Assim, o Palácio, com toda sua modéstia - e certa rudeza em termos de cardápio e ambiente (ao menos até se mudar para a nova sede, em 4 de setembro de 1991) independente do trabalho de Valério, pode justificar novos livros, e o um de seus fiéis clientes dos anos 30/40, o jornalista Freitas Netto, por exemplo, tem algumas divergências em relação a pesquisa de Heerner. Em compensação, restaurantes sofisticados, caríssimos e que mesmo autopromovendo em colunas sociais, nunca conseguiram justificar um livro - às vezes, sequer uma crônica - [expontânea]. Um exemplo é o Ile de France, que se aproximando de 40º aniversário, por ser um estabelecimento classe "a", com clientela endinheirada (novos e alguns velhos ricos), corre o risco de só ganhar algum registro se os seus proprietários (família Lecoque) decidir financiar um projeto. Expontaneamente, dificilmente alguém fará uma crônica de amor ao Ile de France, como Valério fez para o velho, esfumaçado mas querido Palácio, [Fernando] Lobo dedicou ao hoje desaparecido bar do Vilariño e, agora, Mário de Almeida dedica ao Antonio`s. A diferença está na cordialidade, na inteligência e na forma [como] estes - e por certo centenas de outros endereços (e cada cidade, por menor que seja, deve ter o seu bar ou restaurante histórico) nasceram com o astral positivo. Que se faz com a boa qualidade dos serviços, a simpatia dos proprietários, mas, principalmente o charme a inteligência do publico que o frequenta.
Com razão - carradas delas - Mário de Almeida lembra Vinícius de Moraes - um dos fregueses mais fiéis do Antonio`s - para justificar sua teoria: o bar, como a vida, é a arte do encontro.
LEGENDA FOTO 1 - Apesar de desfocada, a foto vale pelo time que Paulo Garcez documentou numa noite no Antonio`S: Paulo Mendes Campos, Rubem Braga, Fernando Sabino, José Carlos Oliveira, Vinícius de Moraes, Sérgio Porto e, deitado Chico Buarque. Com fregueses como estes, qualquer bar ficaria famoso...
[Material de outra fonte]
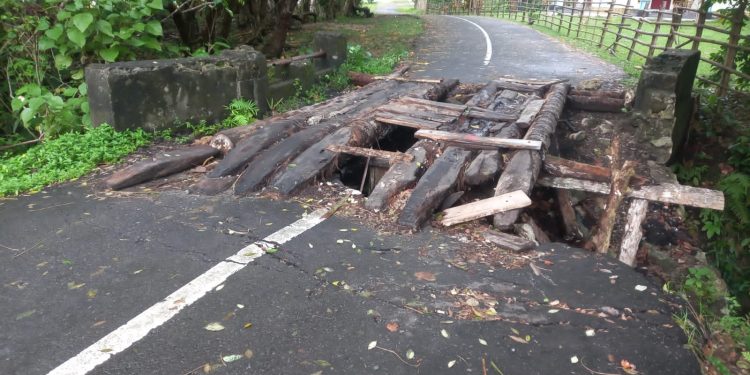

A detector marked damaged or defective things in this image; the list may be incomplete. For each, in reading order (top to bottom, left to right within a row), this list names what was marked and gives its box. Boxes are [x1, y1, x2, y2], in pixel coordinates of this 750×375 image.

damaged wooden bridge [107, 74, 728, 268]
broken timber [414, 131, 544, 151]
broken timber [440, 191, 536, 226]
broken timber [494, 83, 568, 229]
LEGENDA FOTO 2 - Um time da pesada, nas noites do Antonio`S: o proprietário Manolo, arquiteto e cronista Marcos de Vasconcelos, Nelson Motta e Chico Buarque (bem jovens), o grande Lúcio Rangel e Roberto Sardinha.
LEGENDA FOTO 3 - Henfil, o publicitário Magaldi, Mário e Aures Almeida - ele o autor de Antonio`S - Caleidoscopio de um bar",
LEGENDA FOTO 4 - O cronista José Carlos de Oliveira - que marcou época nas páginas do "Jornal do Brasil" - entre Adolpho Bloch, Ana Rosa e Christina Gurjão (na época sra. Vinícius de Moraes), na varanda do Antonio`S, quando do lançamento de um de seus livros - escritos no próprio bar.